Alles beginnt mit einer Warnung eines Bürgers, der besorgt ist über einen Antrag auf Fällung oder eine verdächtige Auflage. Dann wird die FFW aktiv, indem sie entweder mit der betreffenden Gemeinde oder mit den Bauherren Kontakt aufnimmt. Alternativ interveniert sie über ihre Schwesterorganisation Helvetia Nostra, die eine formelle Einsprache gegen die beantragte Fällung einreicht. Daraufhin finden im Allgemeinen Gespräche mit der Gemeinde und den Bauherren/Eigentümern statt, in denen versucht wird, eine einvernehmliche Lösung zu finden – was in beinahe 80 Prozent der Fälle zu einer Einigung führt. In den anderen Fällen legen wir, je nachdem, wie wir unsere Erfolgschancen einschätzen, Rechtsmittel bei den Gerichten ein. Die meisten dieser Fälle sind noch anhängig.
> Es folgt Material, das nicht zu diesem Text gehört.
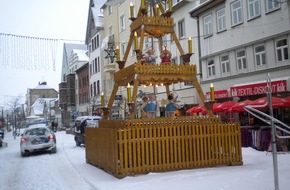 Polizeiinspektion Hameln-Pyrmont/Holzminden: POL-HOL: Holzminden - Innenstadt: Von Weihnachtspyramide zwei Engel gestohlen - Mutwillig aus Sockel gerissen -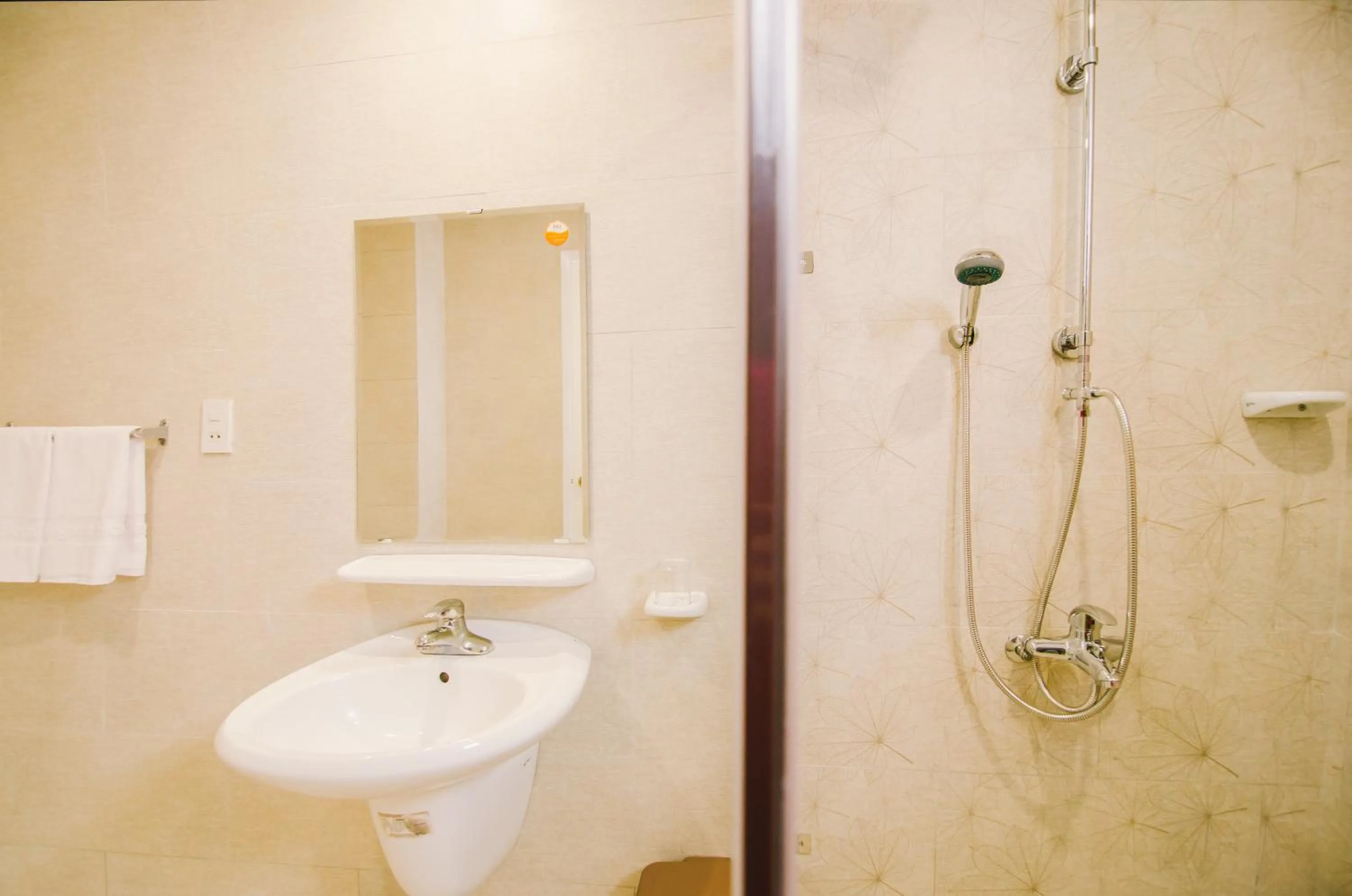 Bathroom in KaKa Hotel Han River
Ende 2023 haben wir jedoch bereits einen wichtigen Sieg errungen: Im Kanton Waadt lehnte das Kantonsgericht ein riesiges Bauprojekt in Lausanne ab, weil die Situation der Bäume nicht ausreichend berücksichtigt worden war.

Das Problem: sehr unterschiedliche Gesetze

Der Schutz der Bäume ausserhalb des Waldes ist nicht auf Bundesebene geregelt, sondern fällt in die Zuständigkeit der Kantone. Einige Kantone haben detaillierte Gesetze zum Schutz des Baumbestands angenommen. Das Gesetz über den Schutz des Natur- und Landschaftserbes, (LPrPNP) des Kantons Waadt ist bislang das strengste. Andere lassen den Gemeinden völlige Freiheit (Bern und Freiburg). Wieder andere haben praktisch nichts vorgesehen (Wallis).

Der Schutz der Bäume ist also in der Schweiz bei Weitem nicht einheitlich geregelt. Während die Bäume in Waadt sehr gut geschützt sind, sieht die Lage für ihre Artgenossen nur wenige Kilometer davon entfernt im Wallis und Freiburg schon ganz anders aus. Die Verabschiedung eines Bundesgesetzes könnte dieses Problem ein für alle Mal lösen und endlich einen gleichwertigen Schutz für alle Schweizer Bäume sicherstellen.